The Future of Thermal Tourism in Turkey

Turkey is located on one of the most significant geothermal lines. Thermal water in Turkey is of higher quality than in other countries in terms of resource capacity, physical and chemical features, temperatures (20-110 °C), flows (2-500 l/s.), and healing capacity.

The importance of using geothermal water in tourism has recently increased. Thermal and hot springs that used to be run by traditional methods are now being run by more modern tourism facilities. As a result of such demands, modern thermal tourism investments increase around the traditionally operated thermal springs in many parts of Anatolia. However, there are some problems as a result of uncontrolled and unplanned investments which are developed very rapidly. If no measures are taken, soon these could develop into more serious problems that may be more difficult to solve in future. Therefore, in the use of thermal waters, rational, effective, and productive plans should be carried out in order to ensure sustainable development (Kervankiran and Kaya 2013).
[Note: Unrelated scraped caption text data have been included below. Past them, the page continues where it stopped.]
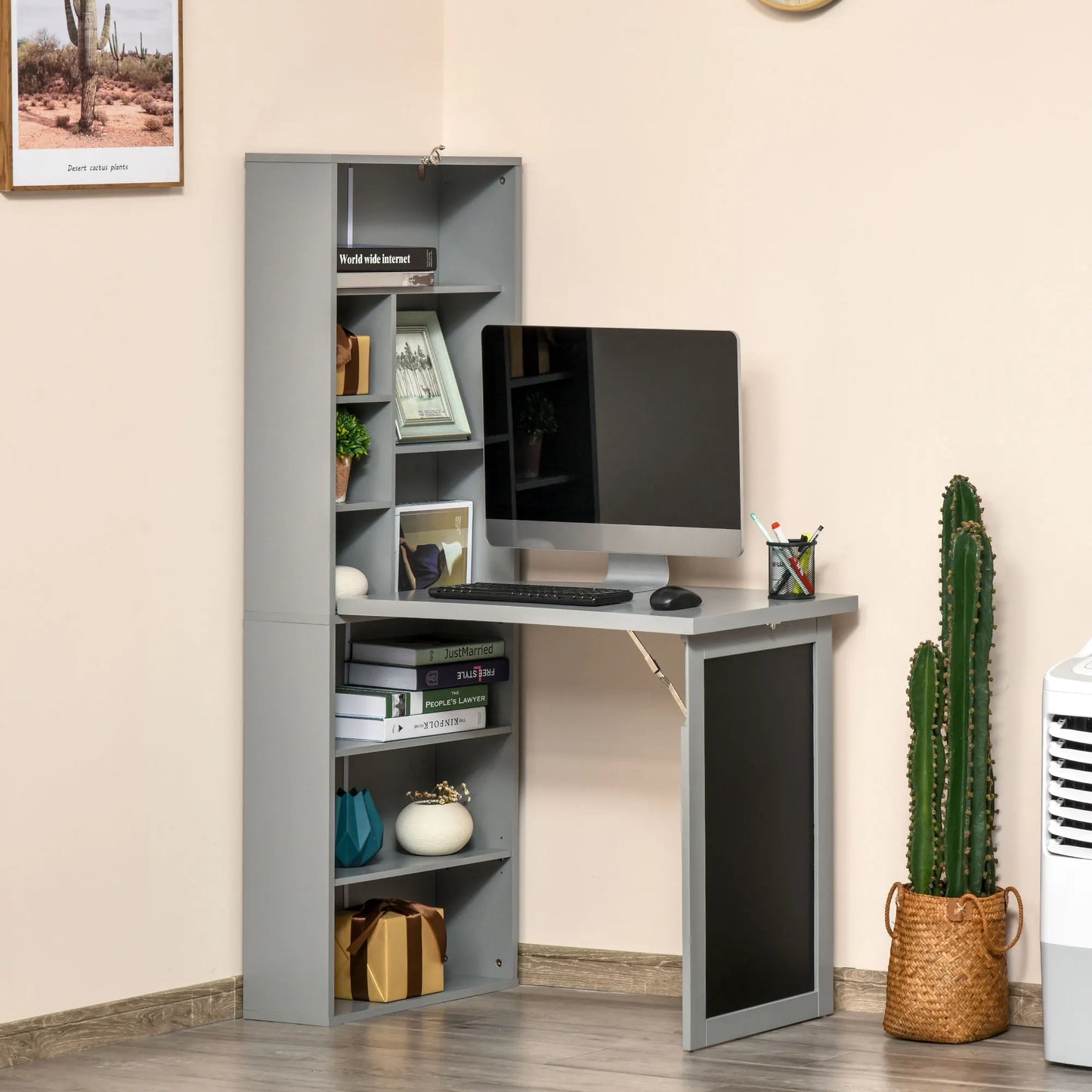 HOMCOM Foldout Wall Mount Convertible Office Desk With Blackboard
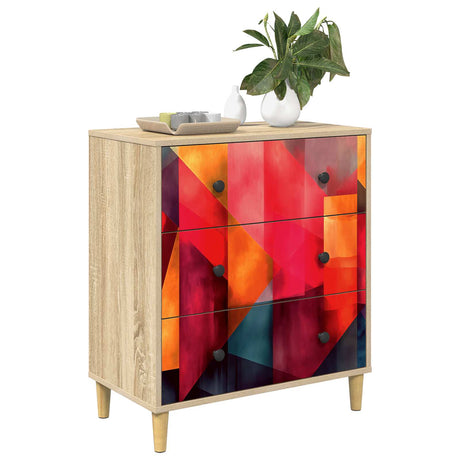 Vidaxl ladekast heesch kleurblokprint 66 x 36,5 x 75 cm bewerkt hout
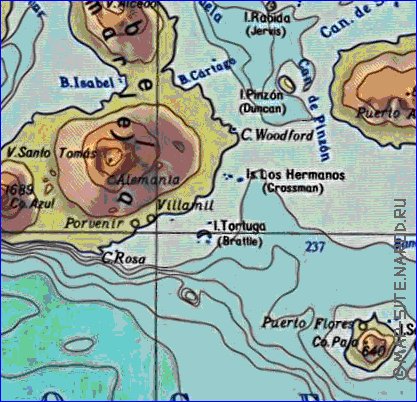 Physique carte de Iles Galapagos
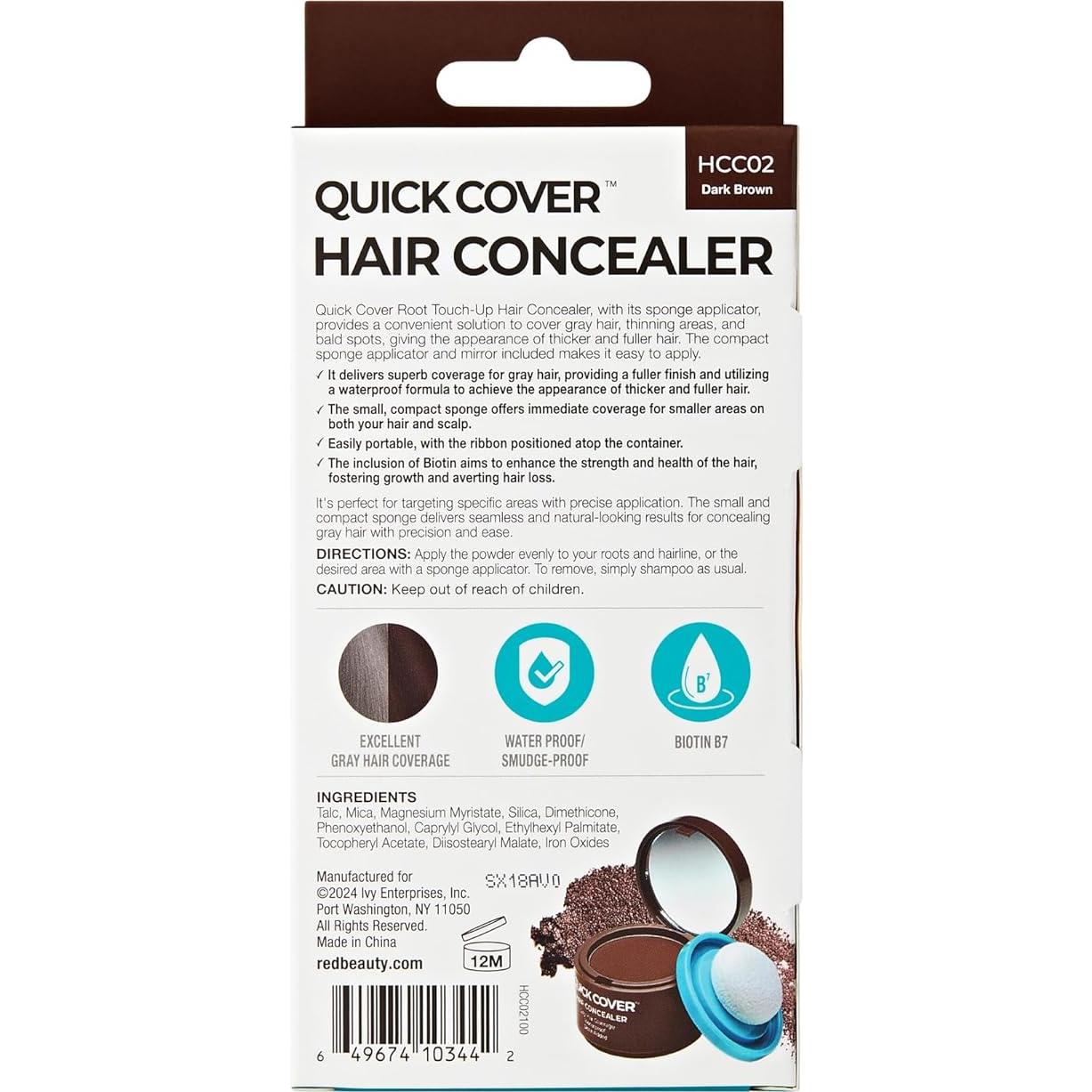 Cubierta Rápida para Cabello Red by Kiss - Marrón Oscuro, Biotina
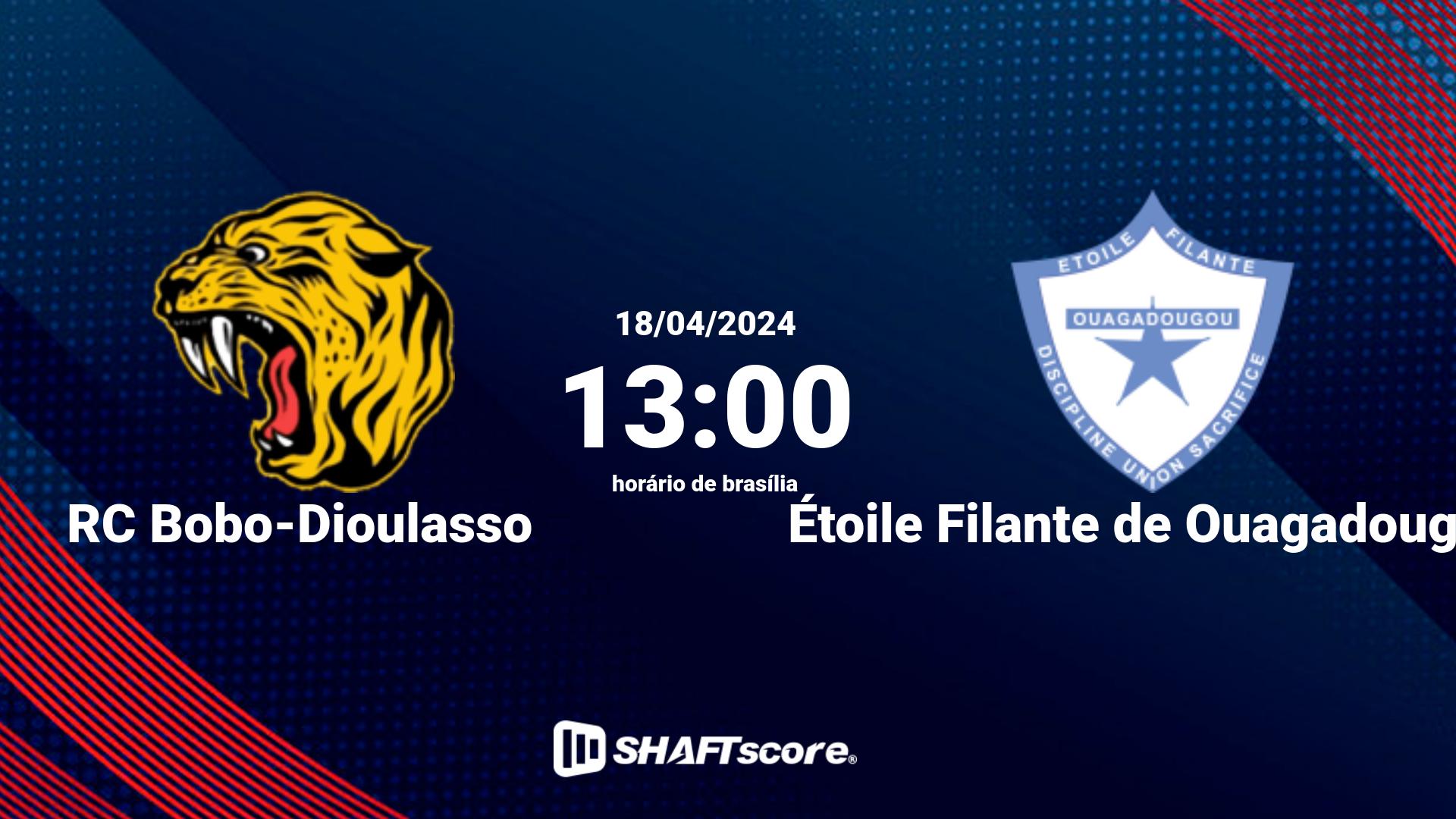 Estatísticas do jogo RC Bobo-Dioulasso vs Étoile Filante de Ouagadougou 18.04 13:00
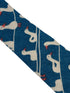 cobalt medium blue linen tie with white goose duck design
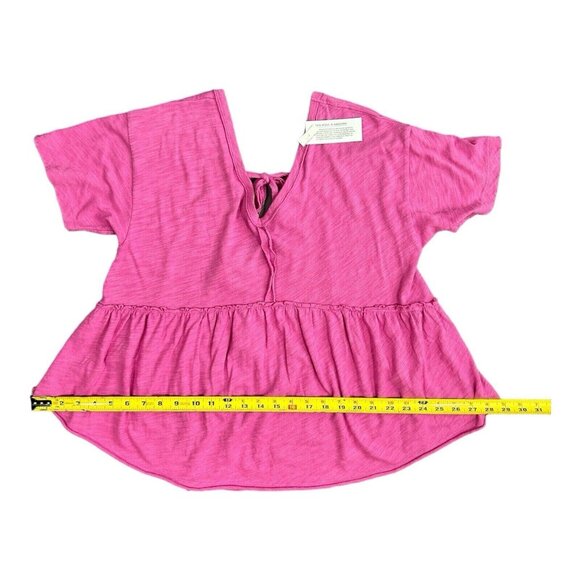 American Eagle Women's Oversized V-Neck Tee Magenta Tie Back Raw Seams S - Picture 10 of 12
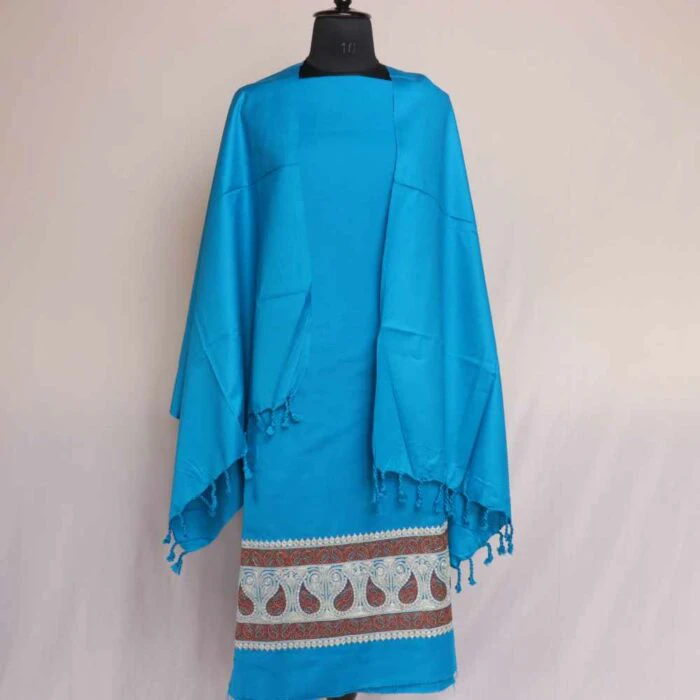 3PC Wool Naaz Blue Kashmiri Suit with Tilla and Sozni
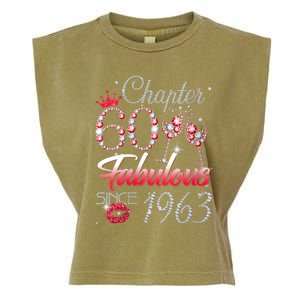 WoM.e.ns WoM.e.ns Chapter 60 Fabulous Since 1963 60th Birthday Queen V-Neck Garment-Dyed Women's Muscle Tee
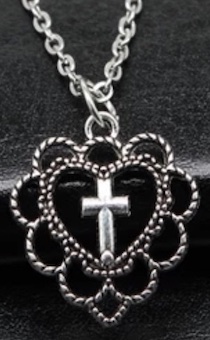 Кулон металлический "Сердце с узорами полое внутри крест", цвет "серебро", размер 21*20 мм, на металлической цепочке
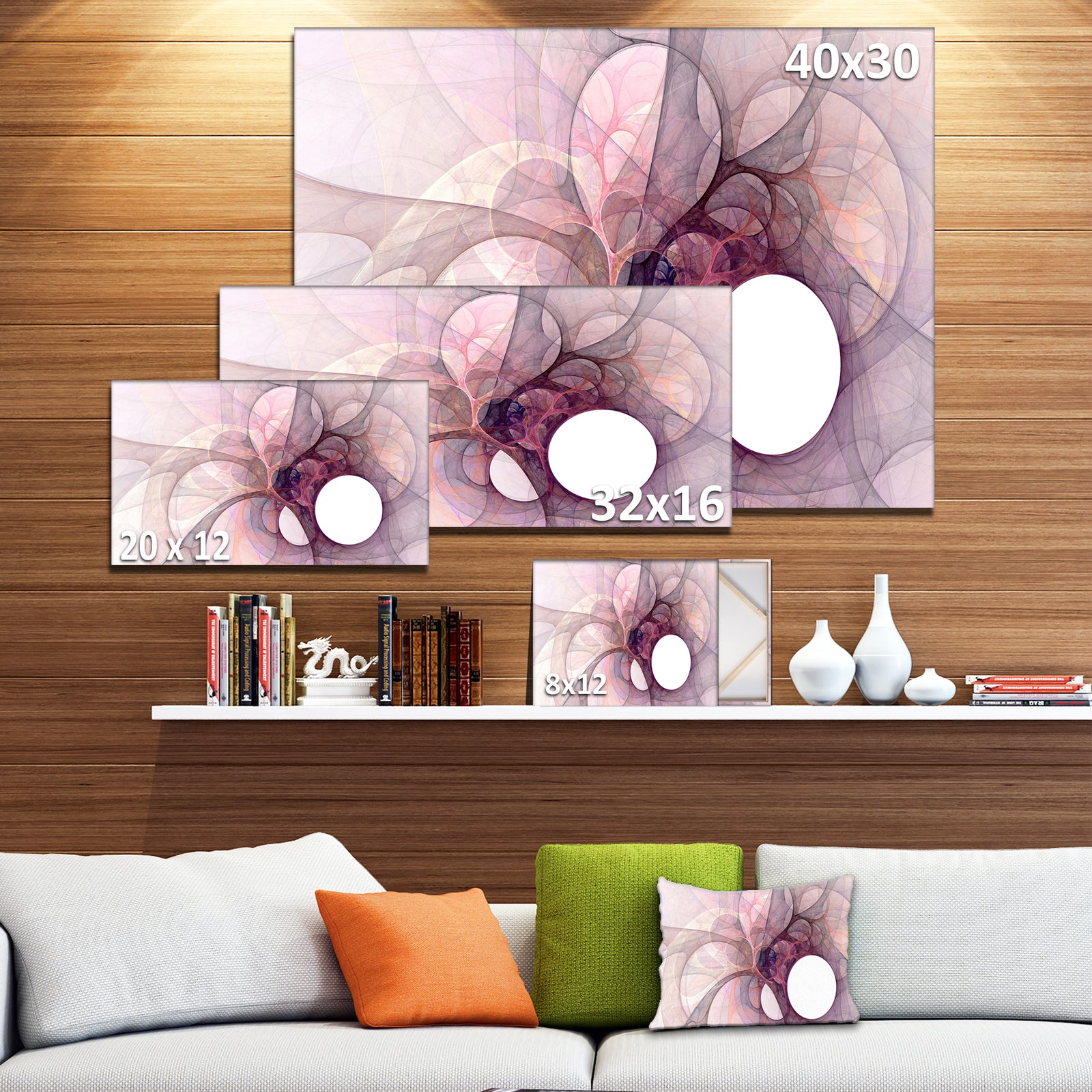 Light Purple Fractal Angel Wings - Abstract Wall Art Canvas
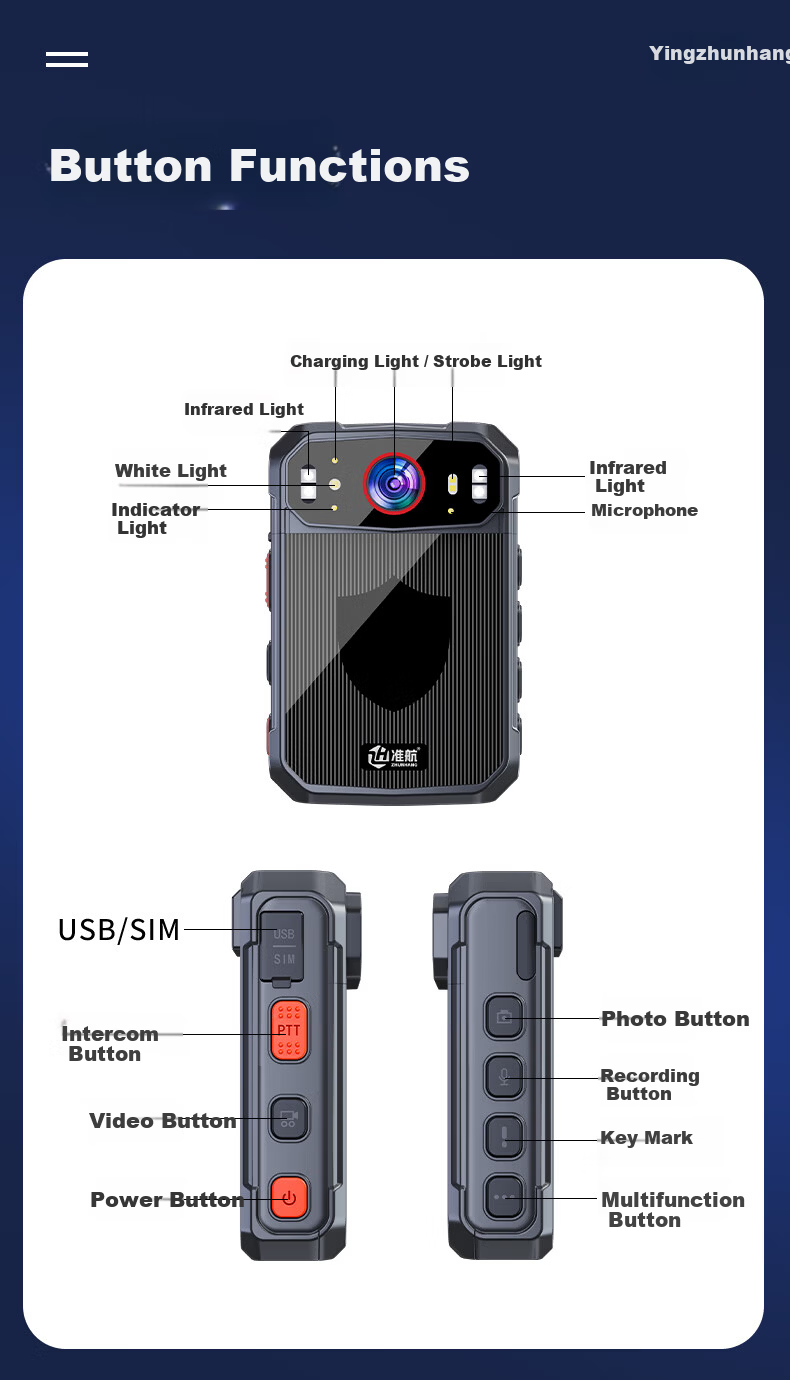 Zhunhang 4G Law Enforcement Recorder with GPS Beidou Positioning Remote Monitoring Audio Real-time Dispatch Camera G5-64G 15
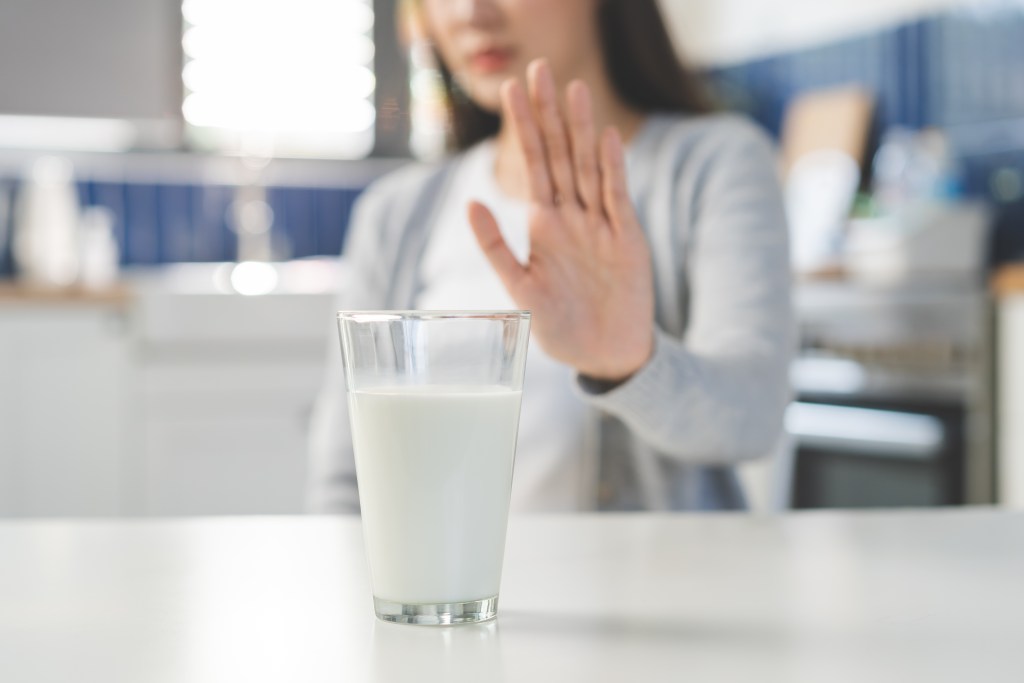 Woman refusing dairy 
One of the main problems confronting the development of thermal tourism in Turkey is the shortage of specialist personnel due to the rapidly increasing number of thermal facilities in Turkey (including clinics, medical applications, and research centers in addition to thermal units). These centers require technical and professional staff. Relevant education in this area should be increased in the medical faculties in Turkey to fulfill this need.

The future of thermal tourism in Turkey is largely dependent on the sustainable use of geothermal waters. The use of thermal centers for tourism purposes is mainly driven by economic concerns. However, the physical, ecological, and social carrying capacities of the resources which are used must also be taken into consideration. Taking into consideration thermal centers as a whole, efficient planning for minimal negative impact to the environment and the community should be carried out.

Geothermal waters may contain boron, arsenic, mercury, lead, chromium, and heavy metals. If these waters are released into the environment without treatment after use, they could have serious negative impacts on the environment as well as on human health.

Many other countries which use geothermal energy, such as Japan, the USA, and Iceland, use modern techniques, such as “reinjection”(binary cycle system) to minimize the negative impact these waters could have on the environment. Through the “reinjection” technique, the geothermal waters are pumped back into a reservoir inside the Earth, and by so doing, the negative impacts on the environment discussed above are avoided. The establishment and operation of reinjection systems is mandatory in many countries using geothermal energy. In geothermal areas where this technique is not employed, the application of treatment technologies is mandatory for the conservation of the environment. If reinjection is not done, the reservoir’s pressure will decline, geothermal waters will mix with surface waters and with underground potable water, and the temperature of the geothermal water may change. Although the establishment and operation of a reinjection system is costly, it is significant in preventing environmental problems in the long term (Kervankiran 2013).

It is particularly important that unplanned and uncontrolled settlements in the periphery of newly developing spa environments are prevented. In the majority of these illegal structures, thermal waters are used without permission. These operations are licensed by local municipalities unlike the high-quality operations which are licensed by the central government. Service quality in such facilities is poor, the super and infrastructure are inadequate and there are hygiene-related problems; yet these facilities are still preferred by visitors from adjacent settlement areas. Essentially, the future of thermal tourism centers is significantly affected by such negative aspects. The responsibility for ensuring the sustainability of geothermal resources in such areas falls mainly on central and local administrators (mainly municipalities) and the proprietors of tourism facilities. Relevant academic studies in this subject and projects aiming to minimize negative aspects should be supported.

The future of thermal tourism in Turkey is dependent on the sustainable use of geothermal waters. If we want to give future generations the opportunity to use thermal tourism areas which derive their resources mainly from their physical structures and specific physical carrying capacities, these waters which are the source of healing should be inspected on a regular basis and their usage controlled. Furthermore, the monopolization of geothermal resources like in many countries in the world (Japan, Germany, Italy, Hungary, etc.) and their management should be regulated.

The tasks and responsibilities regarding the extraction of thermal waters in Turkey, their usage, operation, inspection, and the relevant planning are allocated to different administrative units. Sometimes, this can generate a conflict in terms of authority. To avoid such a situation, the Ministry of Culture and Tourism, the Ministry of Health, the Ministry of Energy and Natural Resources, the Prime Ministry, and State Planning Organizations need to work in coordination and all stakeholders including public administrators and private sector representatives, civil society organizations, academics, and local administrators should contribute to the generation of a common outlook for the preparation and application of short-, medium-, and long-term master plans.